はじめに
イオン交換樹脂は工業製品の製造過程で純水製造や触媒として、広く利用されています。イオン交換樹脂はものづくりにおける純水製造装置・リサイクル装置に欠かせないものとなっています。ここではイオン交換樹脂の基本と純水製造方法および純水製造装置について記載します。
イオン交換現象
イオン交換現象とは、固相中のイオンと液相中のイオンを交換することで、液相中のイオンを固相に捕捉し、固相中のイオンを液相に放出する現象です。直接イオンを捕捉する部分はイオン交換基と呼ばれ、イオン交換基をRで表すと、一般的にAとBのイオン交換反応は式(1)で表せます 1,2)。

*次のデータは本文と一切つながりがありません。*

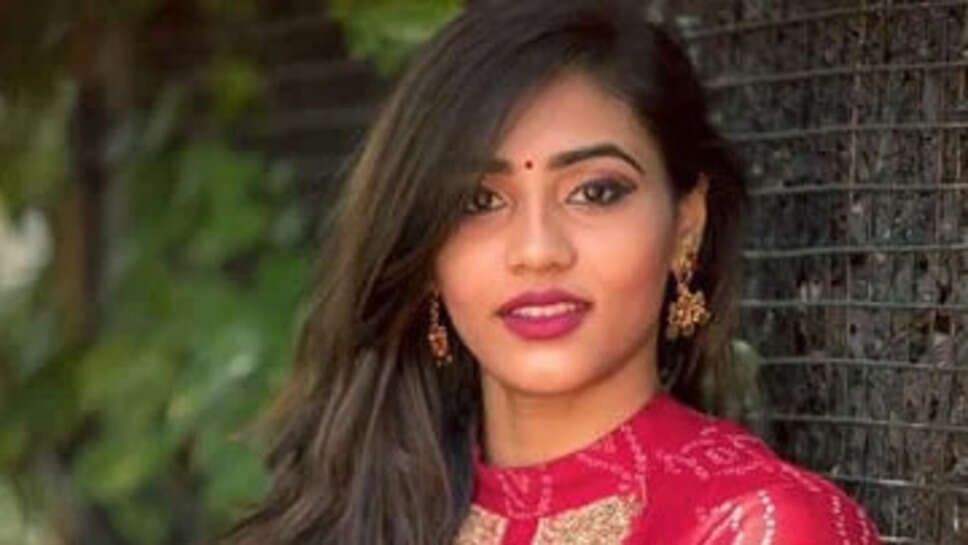 Top 7 Kannada Actresses Of 2022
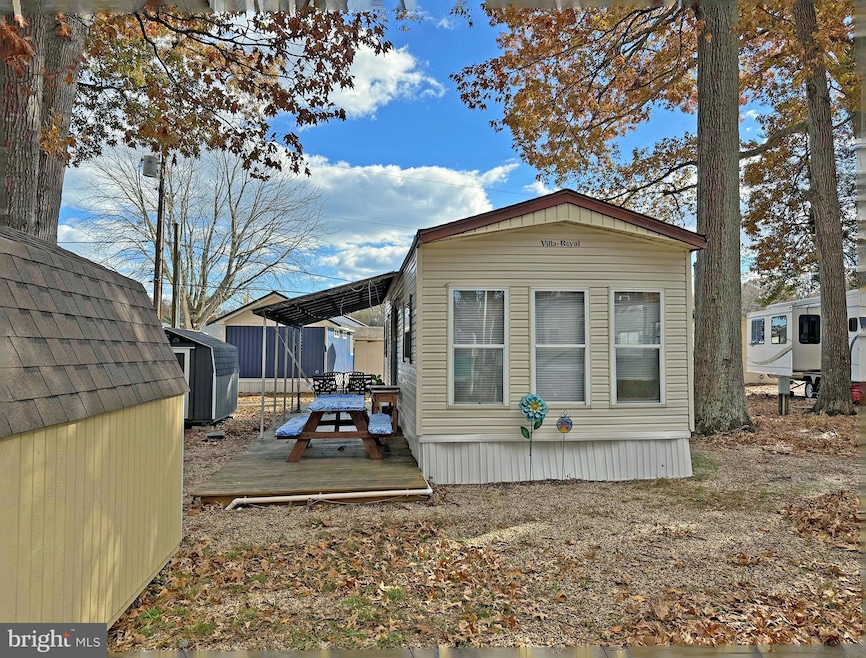 For Sale $50,000 • Co-Listing Agent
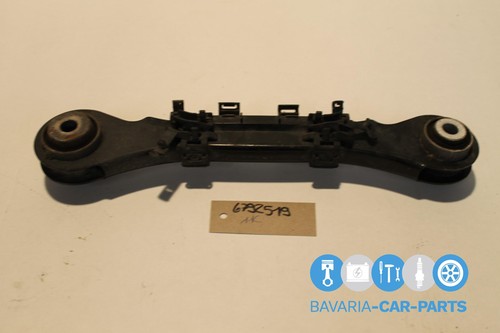Bras suspensions original - bras, de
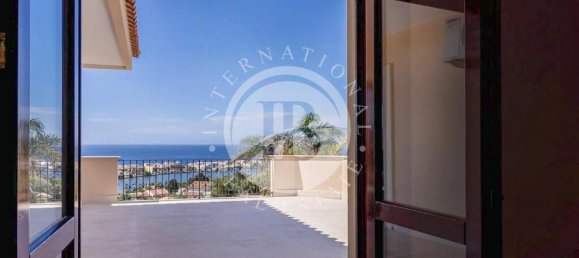 4 Schlafzimmer Villa in Messina, Italy, Nr. 219498 18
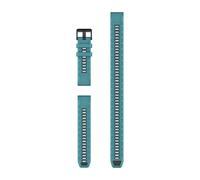 Garmin Bracelet de montre en silicone QuickFit® 22 mm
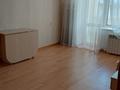 3-комнатная квартира, 61.1 м², 5/5 этаж, Букетова за 22.4 млн 〒 в Петропавловске — фото 3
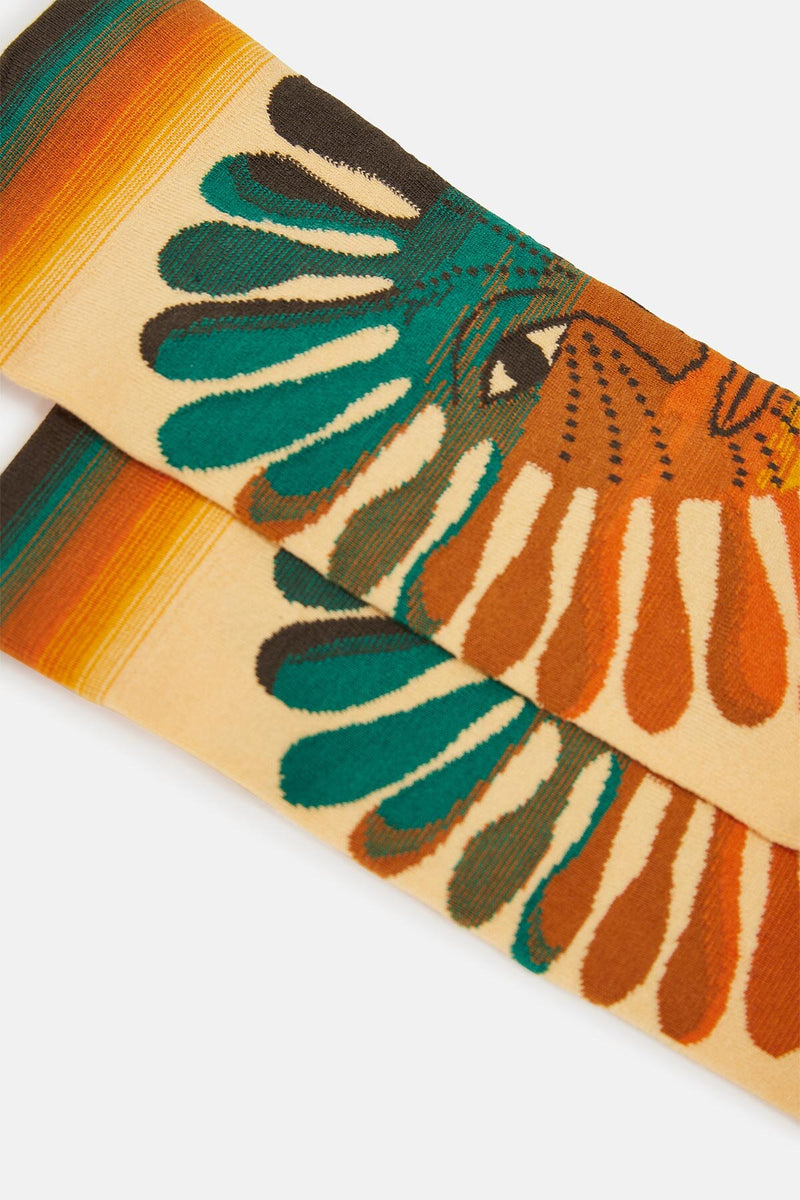 Masque Socks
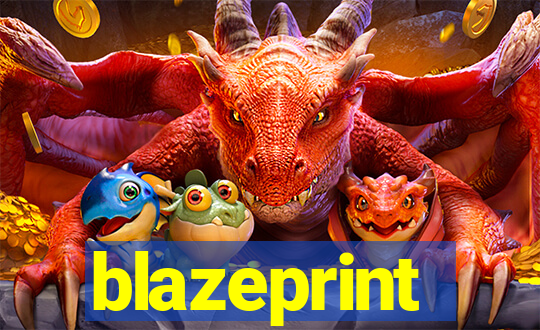 blazeprint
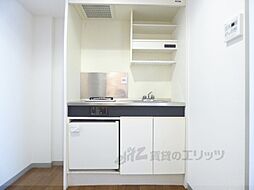 グラシィオ中久世 303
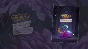 SIMON THE SORCERER: ORIGINS DELUXE XBOX КЛЮЧ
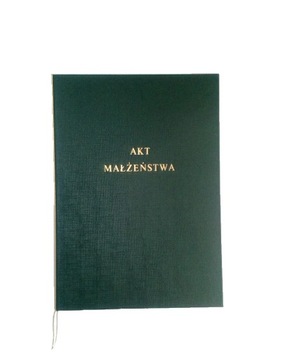 Переплет позолота, рельефная надпись на обложке.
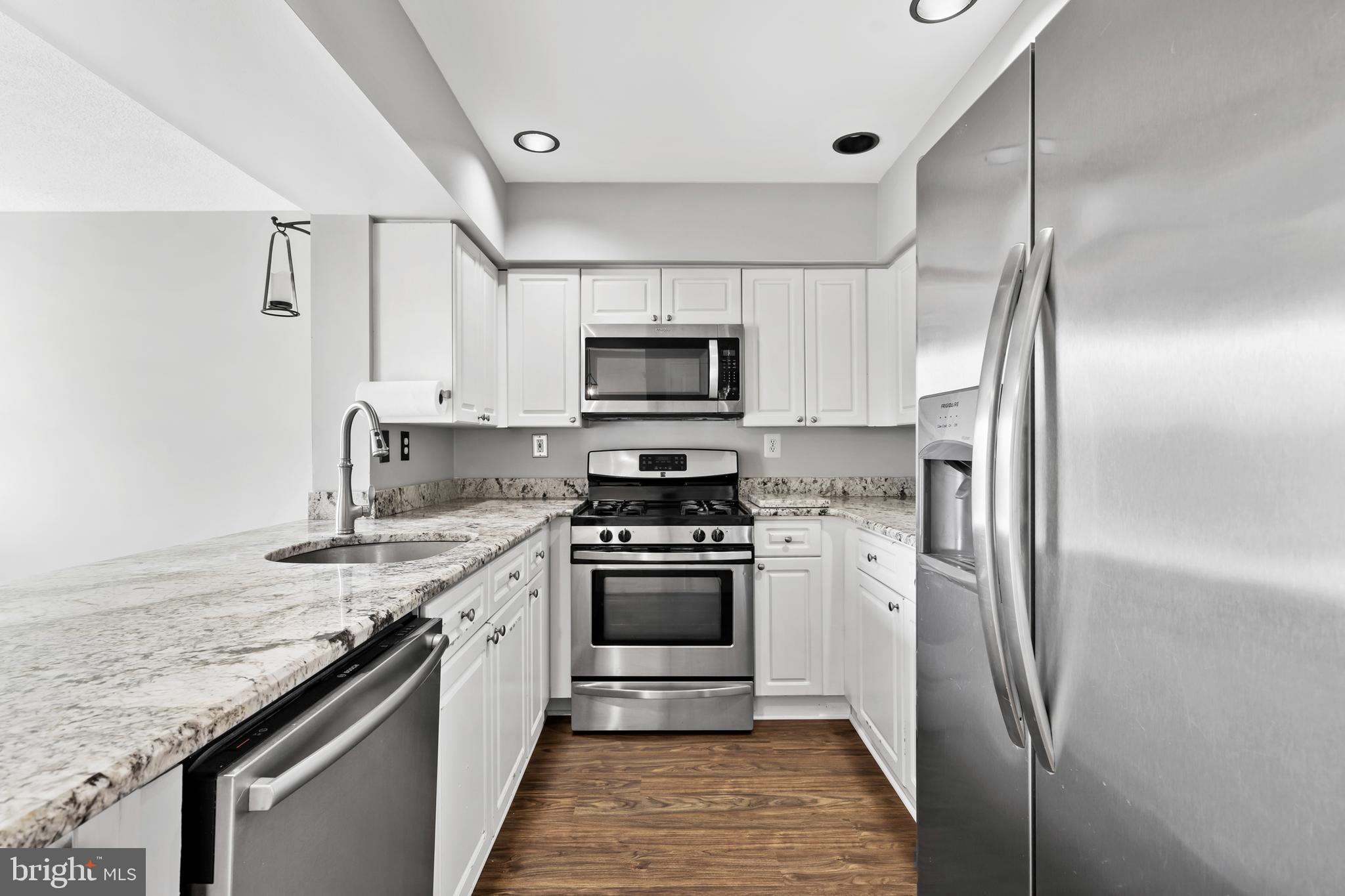 4650 LOUISE SAINT CLAIRE DRIVE
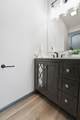 323 Park Avenue - Photo 27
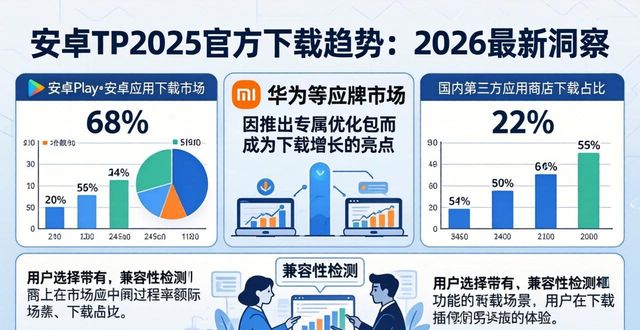 洞察insight_安卓TP2025版本官方下载趋势洞察_洞察ipo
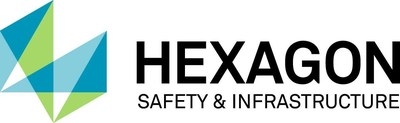 Hexagon Safety &amp; Infrastructure Enhances Security at Asia-Pacific Economic Cooperation Summit with Intergraph CAD and Mobile Responder App
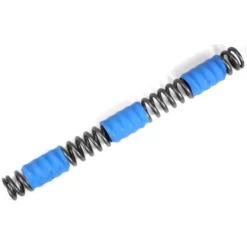 Cane Creek Helm Coil Main Spring Blue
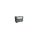 Honeywell 825-170-002 Carrying and Protective Accessories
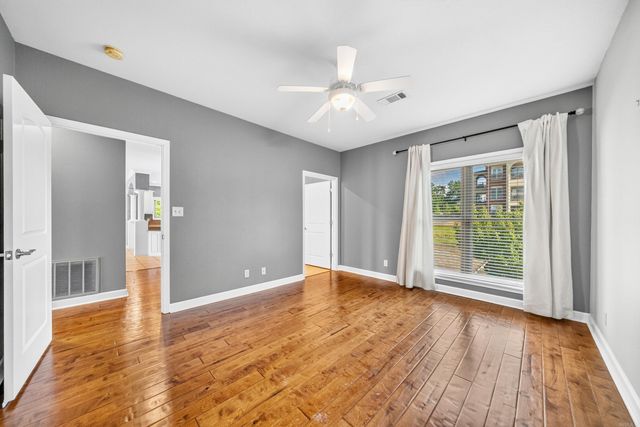518 Amity Rd Apt I6, Hot Springs, AR 71913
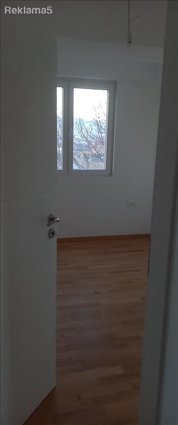 СЕ ПРОДАВА НОВ ТРОСОБЕН 54М2 СТАН ВО ГЕ ГЕ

RA(固相)+ B(液相)⇄ RB(固相)+ A(液相) (1)
このようなイオン交換現象を示すイオン交換基を有する物質をイオン交換樹脂と呼び、1935年にAdams, Holmesらが多価フェノール類とホルムアルデヒドとの縮合物がアルカリを吸着し、また、アニリンやm-フェニレンジアミンとホルムアルデヒドとの縮合物が硫酸を吸着することを発見したことから、イオン交換樹脂の合成研究の発端となりました3)。以後、スチレンとジビニルベンゼンの共重合体を高分子母体とし、そこに化学反応によりイオン交換官能基を導入することで図1のようなイオン交換樹脂が開発されました。
図1 イオン交換樹脂
イオン交換樹脂の分類
イオン交換樹脂は、その働きによって陽イオンを交換する陽イオン交換樹脂と陰イオンを交換する陰イオン交換樹脂に大別されます。図2に陽イオン交換と陰イオン交換のイオン交換イメージ図をそれぞれ示します。また、陽イオン樹脂は強酸性陽イオン交換樹脂と弱酸性陽イオン交換樹脂に分けられます。陰イオン交換樹脂は強塩基性陰イオン交換樹脂と弱塩基性陰イオン交換樹脂に分けられます。表1にイオン交換樹脂の分類を示します。
(a)陽イオン交換樹脂
(b)陰イオン交換樹脂
図2 イオン交換樹脂のイメージ図
表1 イオン交換樹脂の分類4)
分類 | イオン交換基 | 使用pH範囲 | |
---|---|---|---|
陽イオン交換樹脂 | 強酸性陽イオン交換樹脂 | スルホン基(-SO3H) | pH 0~14 |
弱酸性陽イオン交換樹脂 | カルボキシル基(-COOH) ホスホン基(-PO3H2) |
pH 7~14 | |
陰イオン交換樹脂 | 強塩基性陰イオン交換樹脂 | 4級アンモニウム基(-NH4+) | pH 0~14 |
弱塩基性陰イオン交換樹脂 | 1~3級アミン基 | pH 0~7 |
イオン交換樹脂は陽イオン交換樹脂と陰イオン交換樹脂に分けられるんだね!
純水製造方法
純水製造の方法としては蒸留や逆浸透膜を用いた方法がありますが、ここではイオン交換樹脂を用いた方法について記載します。イオン交換樹脂を用いた純水製造方法としてはろ過→活性炭吸着→イオン交換というフローが一般的です。はじめにろ過により溶液中の懸濁物質を除去後、活性炭により残留塩素や有機物の除去を行います。その後、イオン交換樹脂により、溶液中のイオンを除去することで純水が製造されます。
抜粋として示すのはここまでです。